Cuando por la tarde escuchamos que Daniel Ortega revocaba la reforma a las pensiones, mis papás y yo nos sentamos alrededor de la mesa a pensar si esto sería el fin. Pensamos que no.
El obispo Silvio Báez dijo hoy en CNN que el diálogo es muy difícil en Nicaragua, una tierra en la que hay tanta historia de violencia. Un escenario en el que el diálogo puede ser una estratagema de los grupos de poder para ganar tiempo.
Atestiguar compasivamente es un acto de escucha activa y una invitación a la memoria. ¿Cuál es el trauma histórico y personal de nuestra generación y las anteriores? Esas heridas que desde lo biológico y psicológico, llegan a lo familiar, a lo comunitario y a lo político. Mi abuela fue Somozista con dos hijos que pelearon con los Sandinistas. Uno de mis tíos perdió su brazo en la guerra. Mami no hablaba de eso con nosotros sus hijos. Nos comenzó a contar cuando ya éramos mayores. Creo que quería protegernos.

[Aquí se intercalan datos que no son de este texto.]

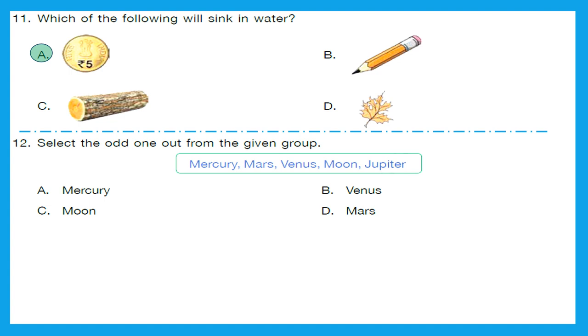Question 12: Select the odd one out from the given group: Mercury, Mars, Venus, Moon, and Jupiter. Mercury, Mars, Venus, and Jupiter are all planets. Moon is not a planet. If an object revolves around the sun, it is called a planet. However, if it circles some other heavenly body — generally a planet — other than the sun, it is called a moon. So our odd one out is Moon. Option C is the right answer.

Estamos viviendo épocas de desesperanza que tocó fondo y mutó en desesperación. Los y las jóvenes nicaragüenses son un claro ejemplo. Los y las jóvenes de las protestas en Estados Unidos contra las armas son otro ejemplo. Este grupo de Parkland, Florida, que inspiró la frase «cuando los líderes actúan como niños y los niños actúan como líderes, sabés que el cambio viene.» Estos mismos muchachos y muchachas que inspiraron un movimiento, desde su posición de privilegio: desde su clase socioeconómica media y media alta; desde su blanquitud. No temen admitirlo: dijeron a la revista Times que están dando el espaldarazo y el impulso a otros muchos grupos de jóvenes que los anteceden en importantes luchas sociales, pero que no han captado la atención y el apoyo que a ellos les regaló su posición privilegiada.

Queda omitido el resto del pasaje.